Hi friends –
In this blog post, we'll learn how to use OpenAI's speech-to-text API to transcribe our voice notes into text.
An application like this can be handy if you use voice notes, record videos, and want to repurpose audio files and turn them into text you can post on your blog or social media.
Our application uses Next.js, TypeScript, and Tailwind for styling.
🚨👉 If you're wondering how you can do all this on a production server and create an app that people will use and pay for, I wrote a book for you: OpenAI Crash Course in One Hour: Build Production-Ready Generative AI Apps with React, TypeScript & Remix
If you're stuck, reply to this post, and I'll help!
Let's get started!
Uploading Audio Files in Next.js
In the previous blog post, we created a basic app for uploading audio files to our Next.js server. Please follow the post here:
The rest of the post will assume that you followed the previous tutorial.

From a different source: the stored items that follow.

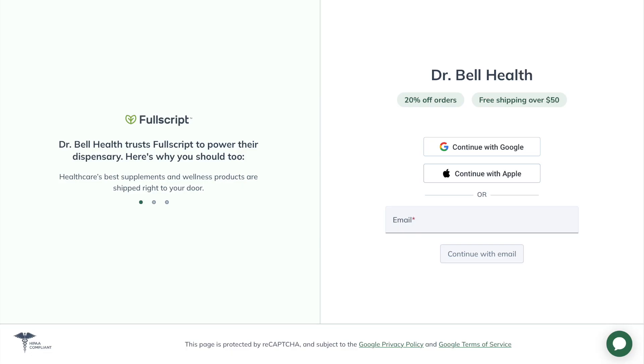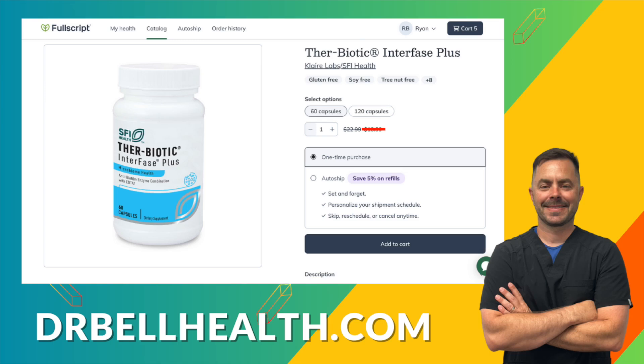This supplement contains a blend of enzymes and EDTA, and each plays a crucial role in breaking down the biofilm structure. Before we go over these ingredients, I want to share where you can get Interfase Plus at a steep discount. Just go to drbellhealth.com — you get free shipping, free returns, and it doesn't cost anything to join our Fullscript store. Your favorite brands are there: Klaire Labs, Standard Process, Microbiome Labs, Thorne, and more, all at a discount better than anywhere else online.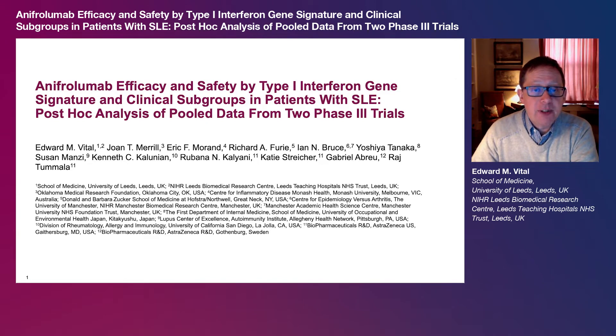Hello, my name is Edward Vittal. This video corresponds to our manuscript reporting the pooled subgroup analysis of the phase 3 TULIP1 and TULIP2 trials, which both investigated the safety and efficacy of anapherolumab in patients with systemic lupus erythematosus, or SLE.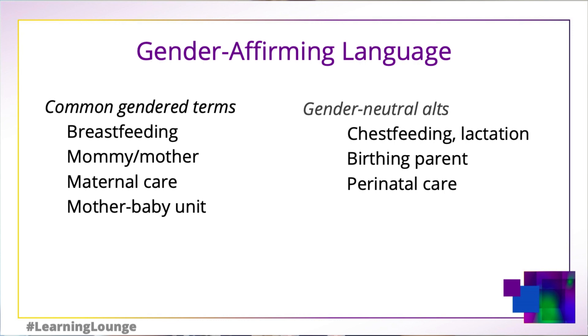Here we offer a short list of gender-neutral alternatives for patients that may be uncomfortable with the female-specific terms — terms such as chest feeding or lactation, the birthing parent, or peridatal care. We are not advocating that dietitians completely switch to gender-neutral language. In fact, some transgender patients, especially those that identify as trans feminine, may truly prefer those female-specific terms.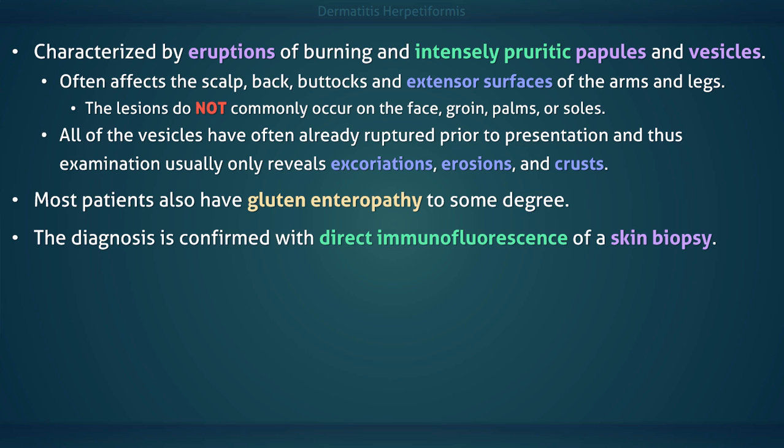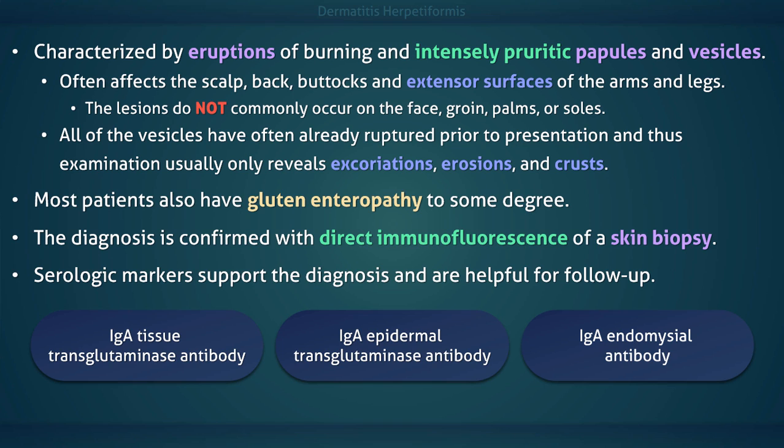The diagnosis is confirmed with direct immunofluorescence of a skin biopsy. False negatives may occur if the patient is already on a gluten-free diet. Serologic markers support the diagnosis and are also helpful for follow-up. The total IgA level must also be assessed when evaluating these seromarkers, because selective IgA deficiency occurs with increased frequency in patients with celiac disease.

Your form is working, and when you submit it with a selected file, Next.js uploads and saves it in your project's root directory.
Setting up OpenAI
To use OpenAI's Speech to text API, you'll need three things:
An OpenAI account
A positive OpenAI credit balance
an API key
If you don't have an account, head to https://platform.openai.com/ and create one.
You can add credits in Settings. Select your organization and go to Billing:
While writing this post, the minimum credit you can add is $5, which is plenty for building small demo apps.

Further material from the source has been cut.